Okay I am working on the order of operations the problem is (3-7)^2/2x5

so far I have -4 to the 2nd power divded by 2x5 lost on how to slove this.

 

[mmm4444bot]

lost on how to slove this

Maybe you need to slover more. Should I start frying hamburger? :lol:

Does the given expression look like this?

\(\displaystyle \frac{(3 - 7)^2}{2 \times 5}\)

 

[fc1123]

Re:

lost on how to slove this

Maybe you need to slover more. Should I start frying hamburger? :lol:

You did not type grouping symbols around the denominator, so your typing indicates that the denominator is 2, not 2 times 5.

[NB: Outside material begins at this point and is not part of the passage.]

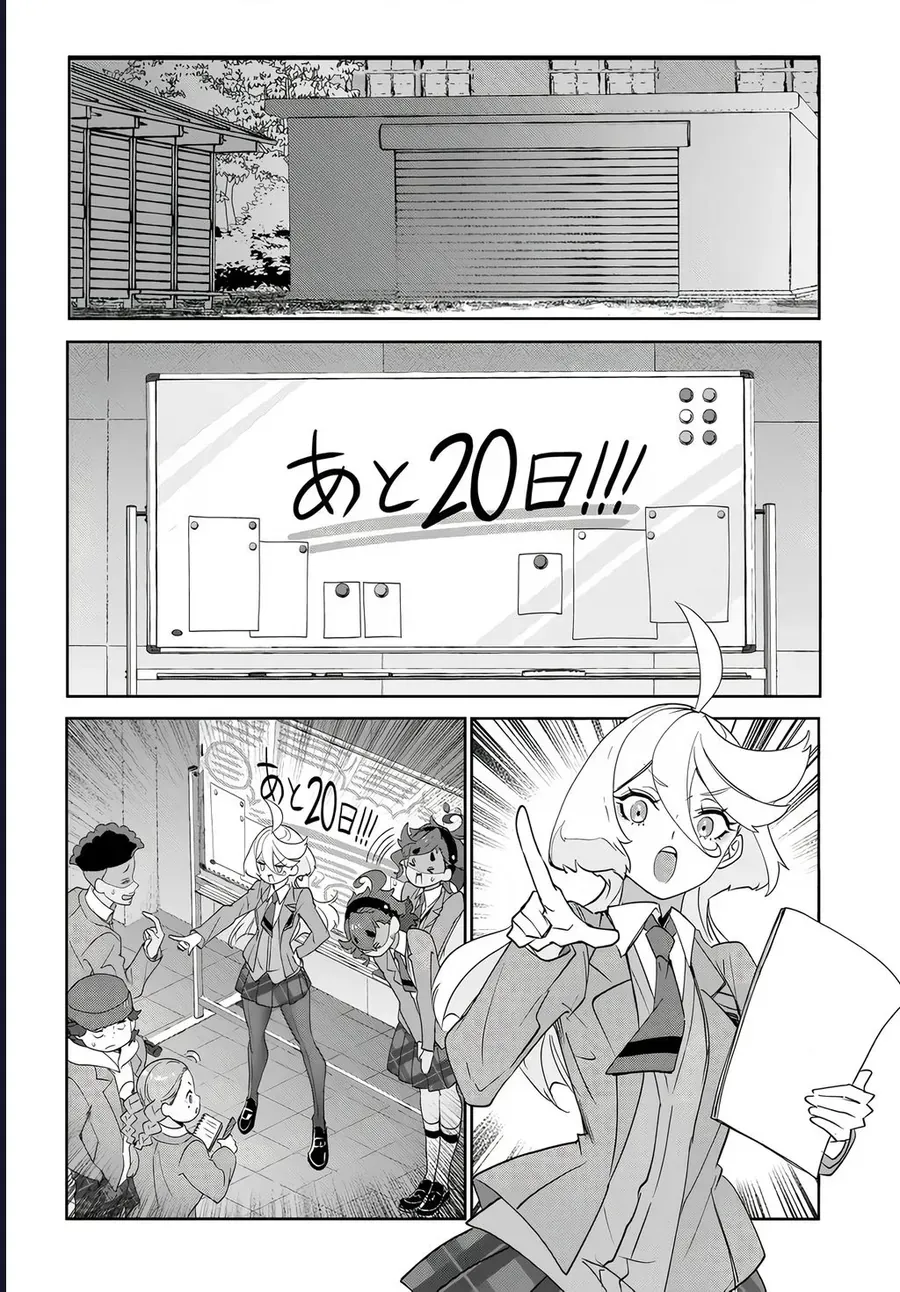 Chiến Sĩ Cơ Động Gundam: Pháp Sư Đến Từ Sao Thủy - Thời Khắc Thanh Xuân Chapter 5.1 - 14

Please answer my question, and then I will explain.

Does the given expression look like this?

\(\displaystyle \frac{(3 - 7)^2}{2 \times 5}\)

yes it does thanks I wonder how to type it up correctly on here still haven't figured out how to do that on here.

 

[mmm4444bot]

I was trying to delete my statement about your notation, when you posted a reply. I was thinking about something else, so your original post is clear enough.

Okay, you determined that (3 - 7)^2 is (-4)^2.

That is correct.

Do you know how to square -4 ?

The fraction bar is the vertical line. It represents division, but it is also a grouping symbol.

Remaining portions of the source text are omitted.